# Task objective:
Every line below is to be set down again exactly; any image stays out.

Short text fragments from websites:
☆ ☆ ☆ ☆ ☆
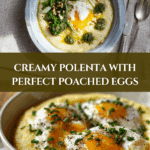 Creamy Polenta with Poached Eggs Recipe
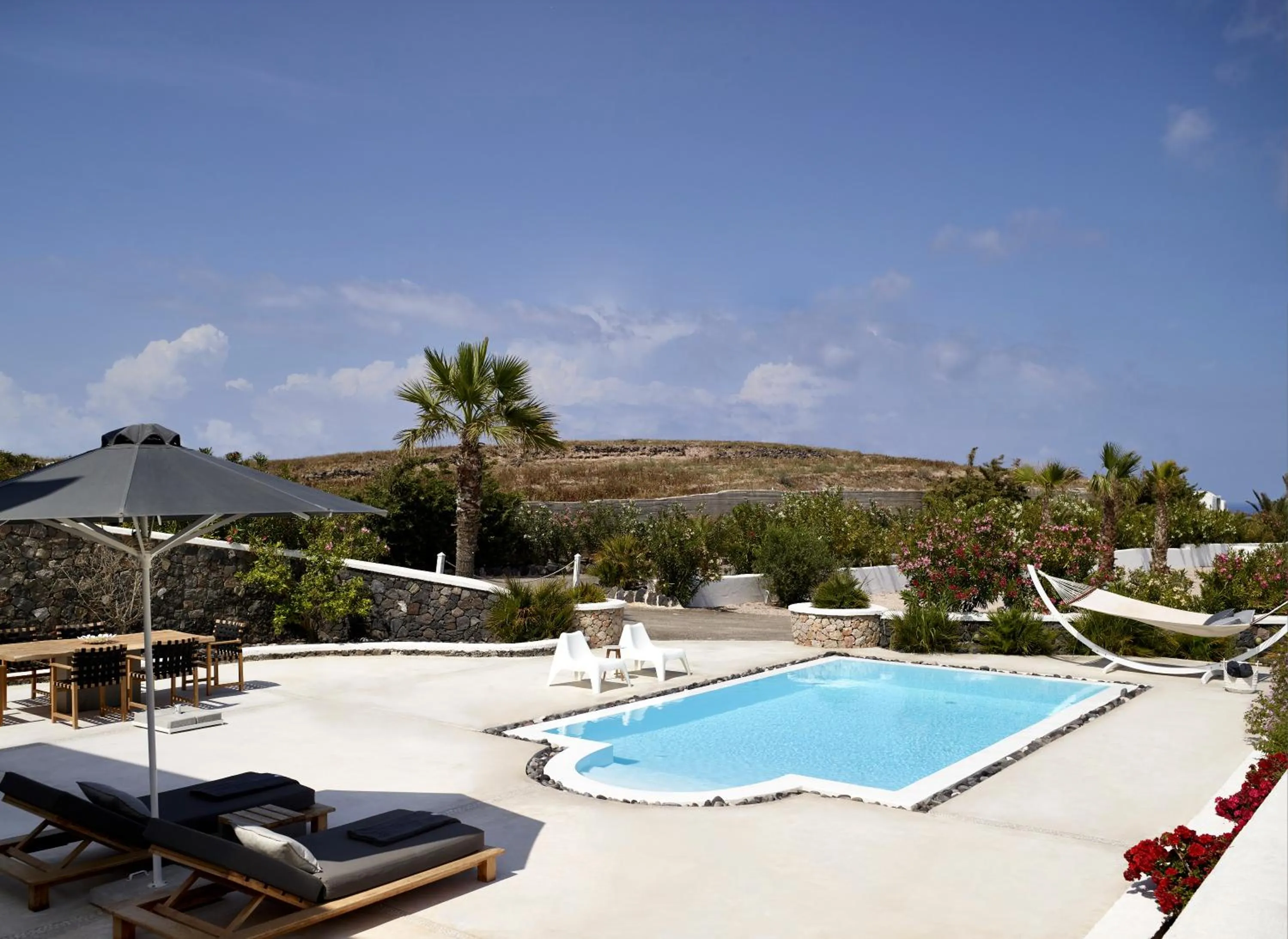 Patio in Amor Hideaway Villas
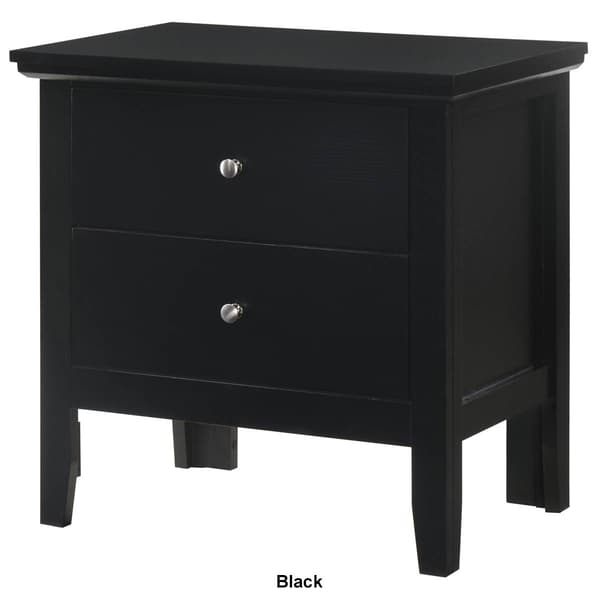 Passion Furniture Primo 2-Drawer Nightstand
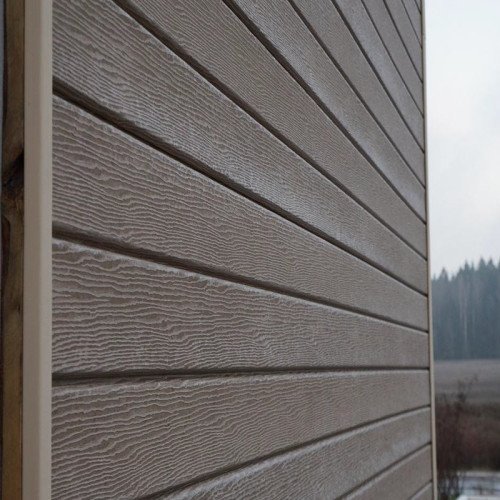 Сайдинг вініловий Ю-Пласт Timberblock Дуб Натуральний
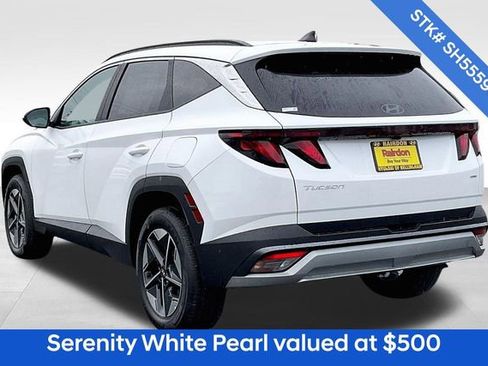 New 2025 Hyundai Tucson SEL image 3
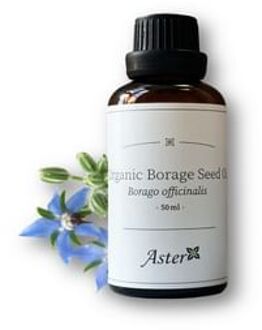 Organic Borage Seed Oil 20% GLA 50ml 1 pc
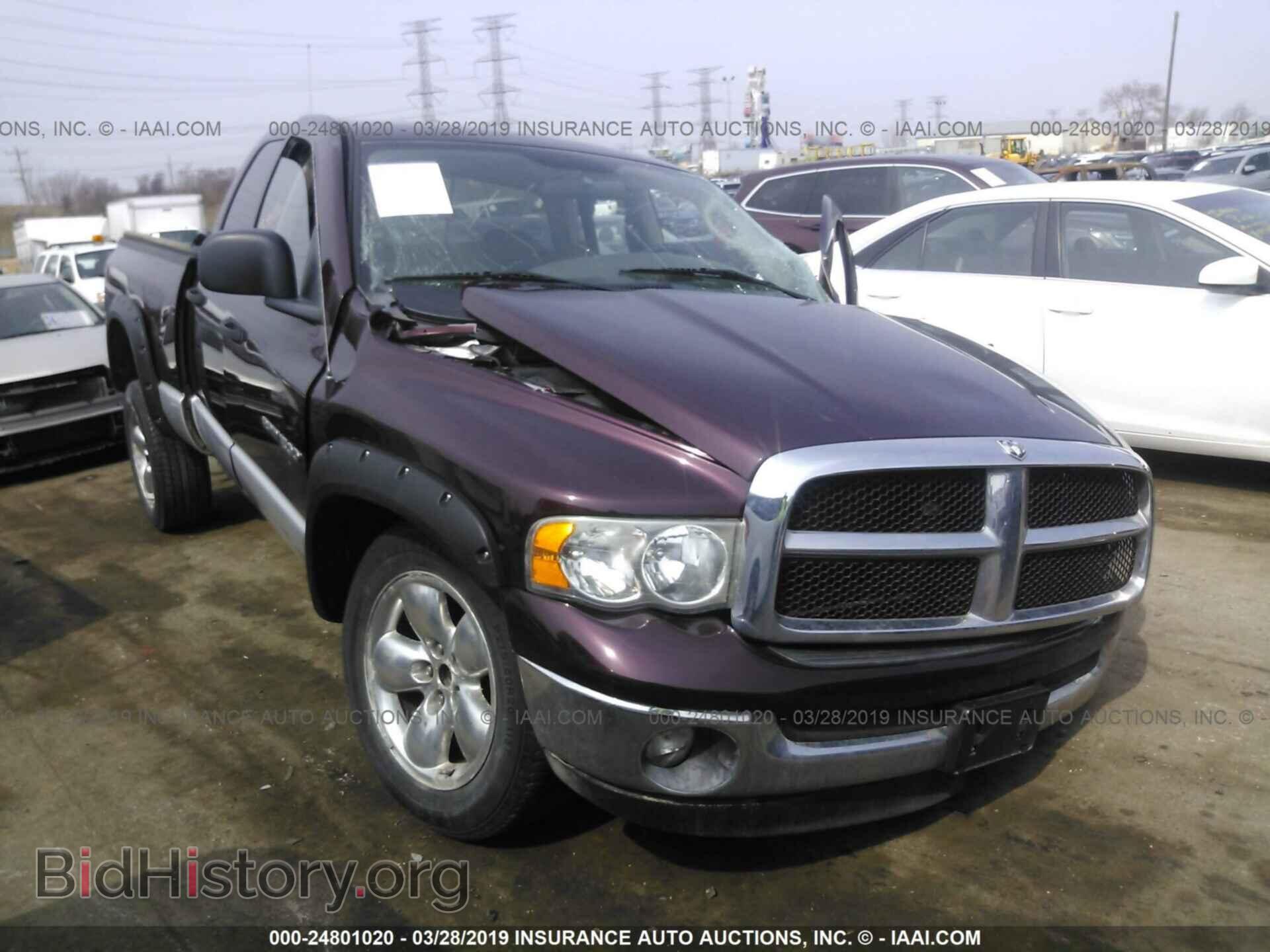 Фотография 1D7HU18D44J134116 - DODGE RAM 1500 2004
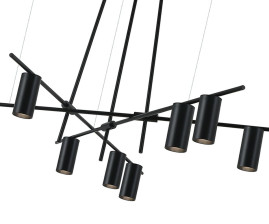 Подвесная люстра Kink Light Рия 07621-9,19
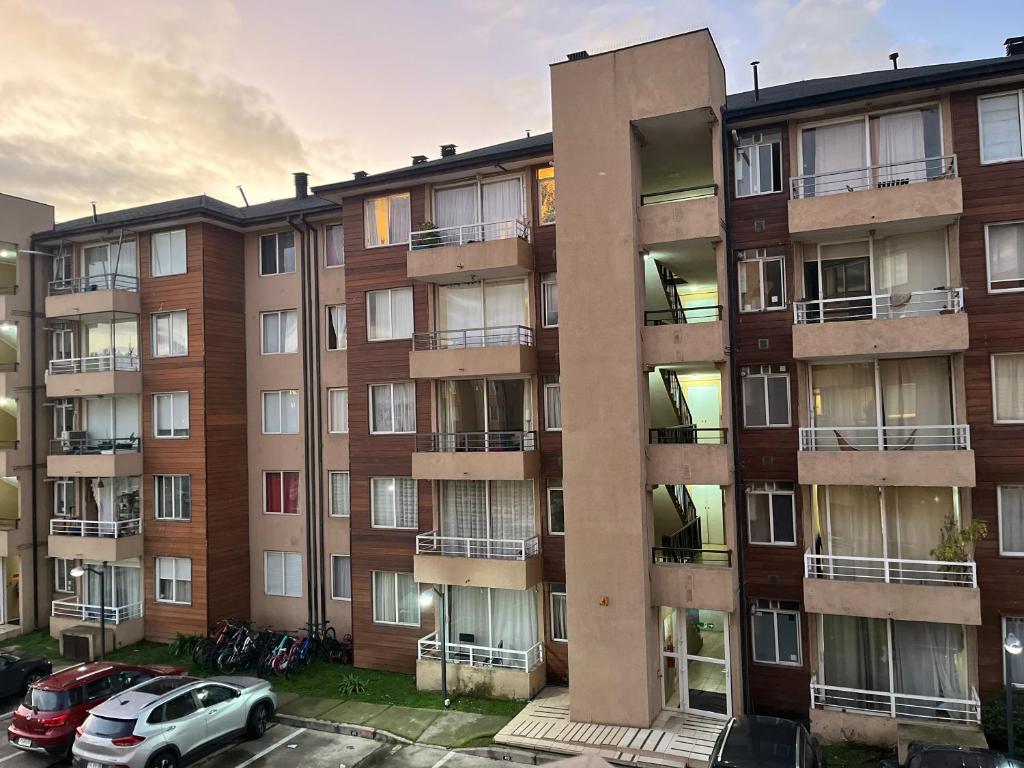 Budova, kde se apartmán nachází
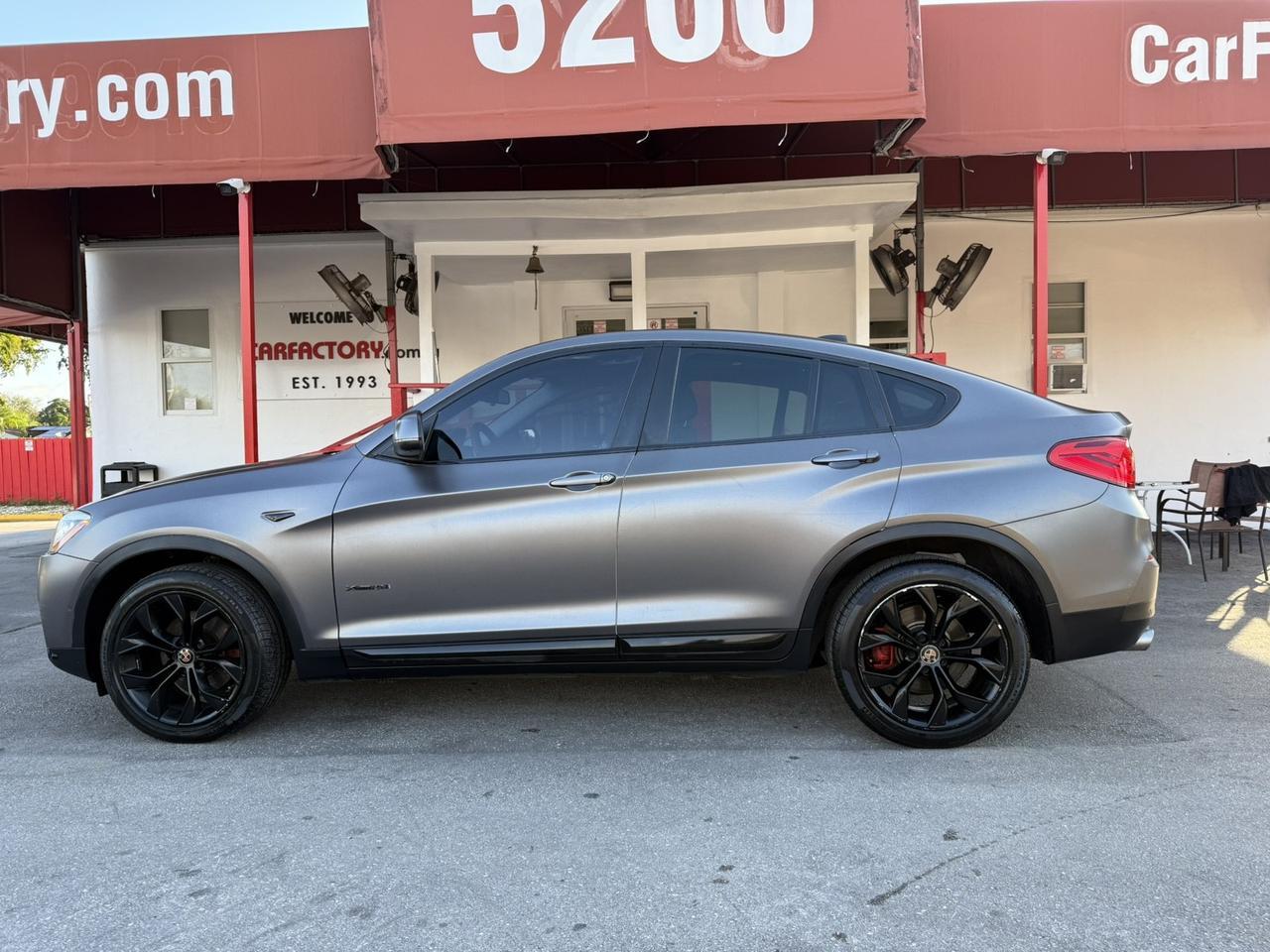 2017 BMW X4 xDrive28i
☆ ☆ ☆ ☆ ☆
# Written response:
 Creamy Polenta with Poached Eggs Recipe
 Patio in Amor Hideaway Villas
 Passion Furniture Primo 2-Drawer Nightstand
 Сайдинг вініловий Ю-Пласт Timberblock Дуб Натуральний
 New 2025 Hyundai Tucson SEL image 3
 Organic Borage Seed Oil 20% GLA 50ml 1 pc
 Фотография 1D7HU18D44J134116 - DODGE RAM 1500 2004
 Подвесная люстра Kink Light Рия 07621-9,19
 Budova, kde se apartmán nachází
 2017 BMW X4 xDrive28i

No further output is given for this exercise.